For this special case, ImportNodeSlice can check the name of attributes first. If "axes" attribute is not found, the default value can be added according to the specification. The code will be able for handle old and new versions of Slice, though a little bit messy.
Let me page this back into my memory and I'll get started on this. Can you show a failing test case/example I can use to motivate the fix part of this? The other parts I will refer to the spec.
Thanks @amanwithfruit . I can not give you that model directly. I asked the owner to simplify the model so that the buggy part can be shared.

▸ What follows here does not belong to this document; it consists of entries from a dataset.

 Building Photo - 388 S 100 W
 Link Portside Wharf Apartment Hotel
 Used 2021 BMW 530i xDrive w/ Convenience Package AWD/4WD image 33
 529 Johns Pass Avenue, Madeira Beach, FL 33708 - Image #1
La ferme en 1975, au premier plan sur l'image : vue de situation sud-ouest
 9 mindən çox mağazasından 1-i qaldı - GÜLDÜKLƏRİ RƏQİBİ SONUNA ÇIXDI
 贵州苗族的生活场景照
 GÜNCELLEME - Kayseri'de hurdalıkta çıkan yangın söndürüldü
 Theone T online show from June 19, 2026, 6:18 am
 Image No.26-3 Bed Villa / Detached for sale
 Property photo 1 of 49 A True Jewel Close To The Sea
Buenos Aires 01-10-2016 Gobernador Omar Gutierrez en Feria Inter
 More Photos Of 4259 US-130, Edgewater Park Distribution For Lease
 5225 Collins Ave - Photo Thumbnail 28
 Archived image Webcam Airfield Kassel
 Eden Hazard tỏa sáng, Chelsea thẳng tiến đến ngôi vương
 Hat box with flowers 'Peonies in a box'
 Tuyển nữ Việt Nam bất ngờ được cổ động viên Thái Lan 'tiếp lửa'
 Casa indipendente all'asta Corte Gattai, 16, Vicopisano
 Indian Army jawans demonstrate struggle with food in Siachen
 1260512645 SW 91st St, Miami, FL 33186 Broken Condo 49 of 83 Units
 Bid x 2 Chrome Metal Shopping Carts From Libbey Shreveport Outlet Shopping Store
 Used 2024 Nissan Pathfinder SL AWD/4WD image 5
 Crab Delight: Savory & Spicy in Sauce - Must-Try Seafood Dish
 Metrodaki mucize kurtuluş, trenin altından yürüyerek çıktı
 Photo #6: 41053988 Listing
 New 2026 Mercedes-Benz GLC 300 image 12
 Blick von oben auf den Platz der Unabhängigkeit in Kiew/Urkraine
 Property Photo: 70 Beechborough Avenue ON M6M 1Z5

I know that pain 😅 I'm still paging things back in so take your time.
By the way, the code handling axes for SliceOp may be used by other operations, such as ReduceSum, Squeeze and Unsqueezed, all of which changes their axes from attribute to input in the new version. As for the default value, I am thinking whether some support should be added into the table gen. At least, we may define that function in the Op definition using table gen so that the code is more declarative.
By the way, the code handling axes for SliceOp may be used by other operations, such as ReduceSum, Squeeze and Unsqueezed, all of which changes their axes from attribute to input in the new version.
Sure - I'll take a look and see if I can re-use anything that already exists
As for the default value, I am thinking whether some support should be added into the table gen. At least, we may define that function in the Op definition using table gen so that the code is more declarative.
Since they're inputs, I'm not sure what we can do? Unless you're suggesting that we hoist them from ONNX/protobuf inputs to MLIR attrs? Or am I misunderstanding your suggestion?
I am thinking of adding a function to generate the default value in the Op definition, hook it with the optional input with default value, and the constructor invokes that function automatically when the corresponding optional input is missing.
@chentong319 do you have an update on the problematic part of the model? I want to make sure I fix the right thing 😅
for documentation - test case is here: https://github.com/onnx/onnx-mlir/issues/596
@chentong319 can this issue be closed, or is there more to do?